> _DATASET EXCERPT_:
= = =
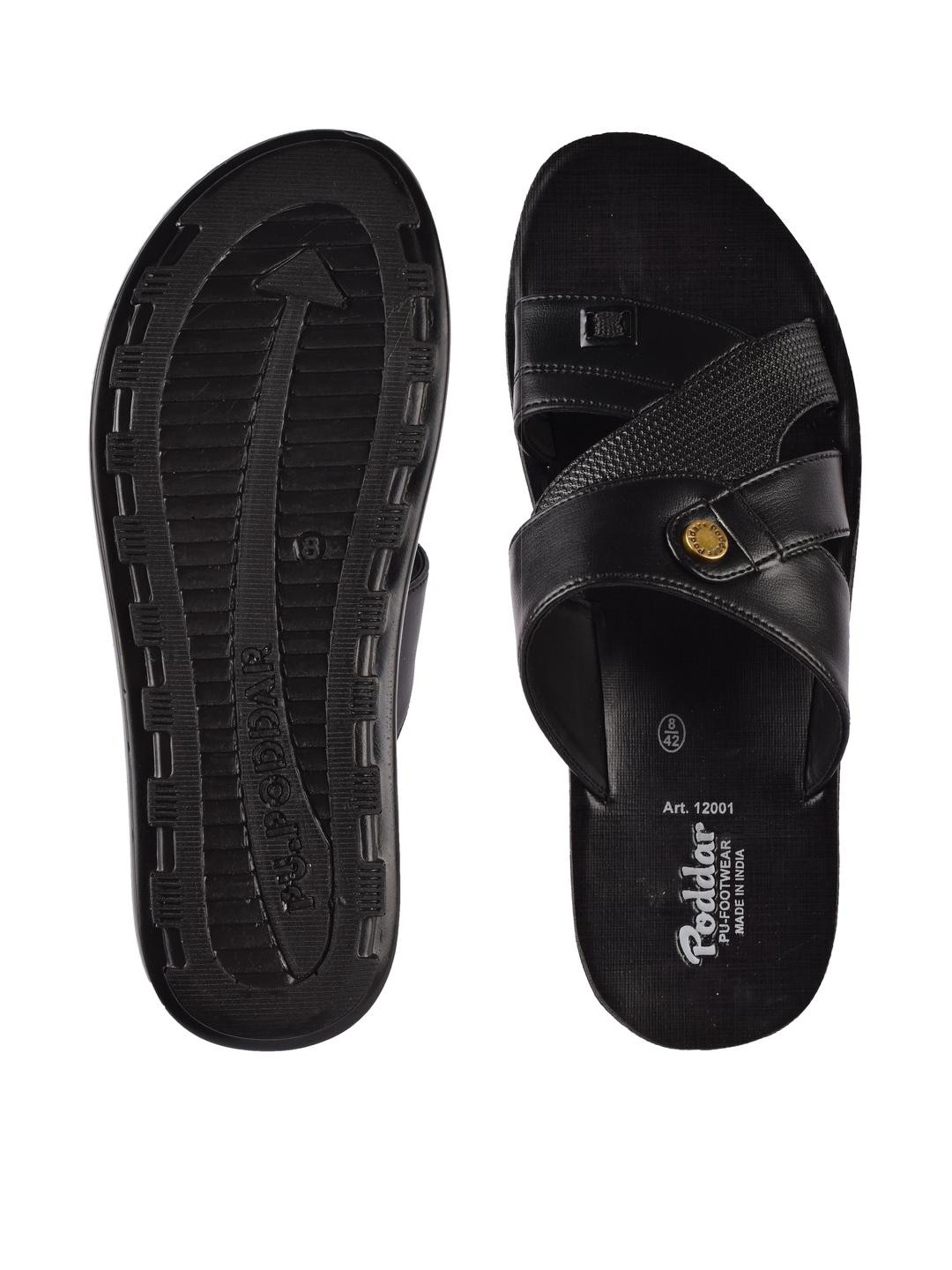 Poddar Men Cross-Strap & Textured Sole One Toe Flats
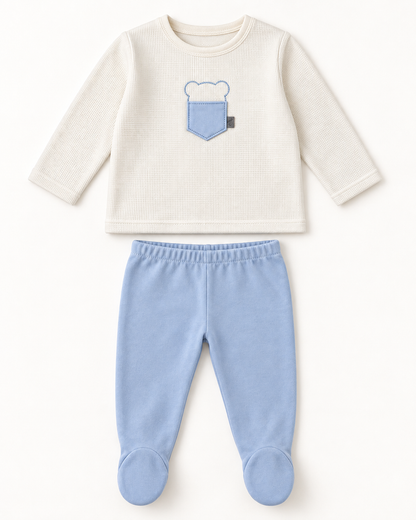 Conjunto de bebé con polaina azul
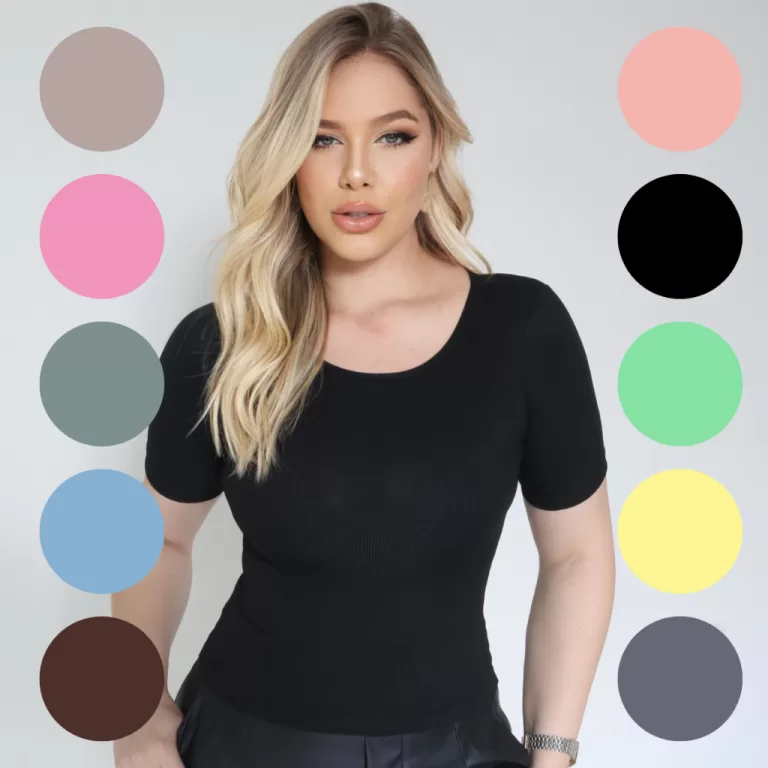 Blusa Manga Curta Gola O Redonda Feminina Básica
= = =
> _EXERCISE DETAILS_:
Type the listing out again word for word, passing over each picture.

> _SOLUTION FOR THIS TASK_:
 Poddar Men Cross-Strap & Textured Sole One Toe Flats
 Conjunto de bebé con polaina azul
 Blusa Manga Curta Gola O Redonda Feminina Básica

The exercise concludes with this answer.